I don't discount that history but the rules changed on 9/11. Most of the stuff being advocated by those against the war are from the same frame of mind as those that supplied Iraq with weapons to fight and Iran and keep the whole area unstable. Temporary peace for ourselves is no peace at all.

I don't ignore history and thank you for reminding everyone of it. In fact, there's even deeper history to examine: the good old days when Saddam Hussein was an American client. It's a relationship that goes back to 1963 when the United States welcomed the "triumph" of the Baathist party. When Donald Rumsfeld is placed on a leave of absence, detained, and sent down Guantanomo way for a "debriefing", I could take the present Iraqi adventure more seriously.
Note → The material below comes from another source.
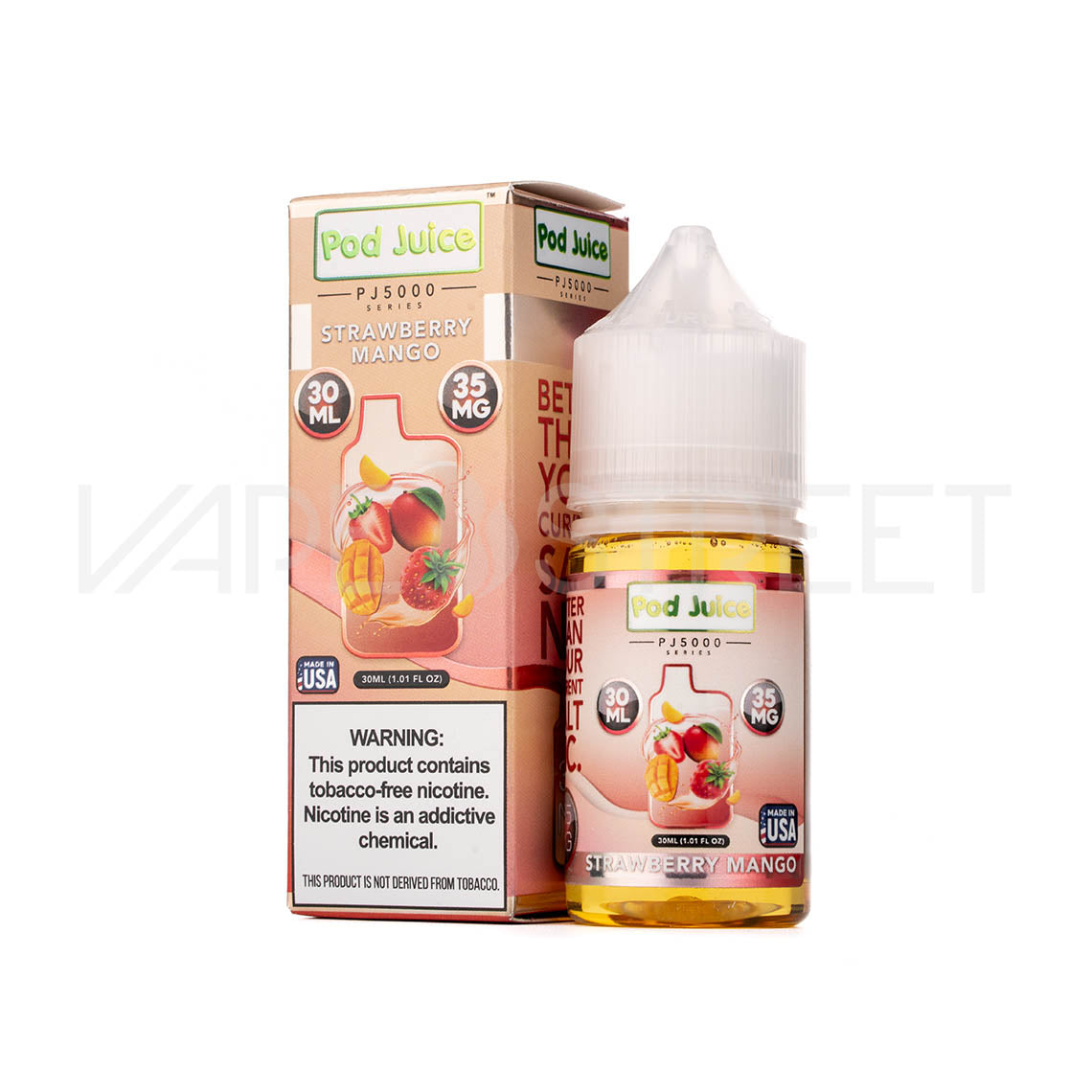 Pod-Juice-PJ5000-Strawberry-Mango Pod Juice Salt PJ5000 Strawberry Mango 30ml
First, I don't think the war in Iraq is manufactured. If it were I think they would have let me in to help the other factory workers. I have been turned down twice: first because I have pins in my shoulder from being run over so I can't join the active military forces and secondly I can't go as part of the USPHS - one of the uniformed services seldom though about. I did go to a really sandy area while on USPHS callup several years ago (while still earring my MLS via distance learning) and share my expertise in a particular subject with more than 40K US troops. I'd go now, but they currently do not want me. If I get the pins out and/or can demonstrate 80% range of motion of my arm then I can go into DOD service as a nurse, and I am working on that. That said about what you call the manufactured war (and yes I have talked to my priest about it. I won't be killing anyone unless they try to kill me.) I am a nurse and I help all those who come under my care - friend or for I care for everyone just the same. If I were to do otherwise I would rather be dead.

However the writers no matter how conservative they are, are sadly mistaken. The President alone gets to select the Justices of the Supreme Court. The Senate merely affirms them. I, and for that matter everyone else and every special interest group and of course every columnist have absolutely no input on the choice. While you can call your senator they most probably will ignore you as they do constituents on all other matters.

There are 9 Justices. One justice does not make that much difference. I too find that SCOTUS Justices are like wine; they mature and change when on the bench. If the president is confident that his choice will fairly interpret the Constitution then so am I.

I am opposed to the death penalty on religious, moral, and intellectual grounds. Does that mean I could not follow the Constitution and find that the death penalty is allowed... no. While I may find some laws morally repugnant- and that may require me to resign from the Court, I think I could still follow the rules - the Constitution.

Is abortion going to change if Meiers hits the court, I doubt it. The initial ruling about privacy was in my opinion nonsense, and we still kill about 1.5 million children a year in the US. Will abortion get worse- that I doubt too, will it get better, that I can only pray.

You have to put your trust somewhere, and I have decided to put mine in our president. I could not do a better job, and he seems to follow the same moral compass as I do. You have to trust someone and I trust our president.

Those of us who have opposed Administration policy for a long time already knows that the Administration paints its critics as unscrupulous and wicked people with hidden agendas. From the President's perspective, there is no such thing as principled opposition.Now National Review Online is discovering this same technique is being using on people they like:

If the White House was the source of this charge (and other unflattering and even more spurious notions floated about Batchelder in recent weeks), it is very troubling. As Alt observes, smearing qualified candidates for the Court is no way for this administration to win back the trust and loyalty of the conservative base.

All sides of the political spectrum need to unite and put an end to these kinds of tactics no matter which party uses them.

Can't argue with that assessment. Thanks for working with me!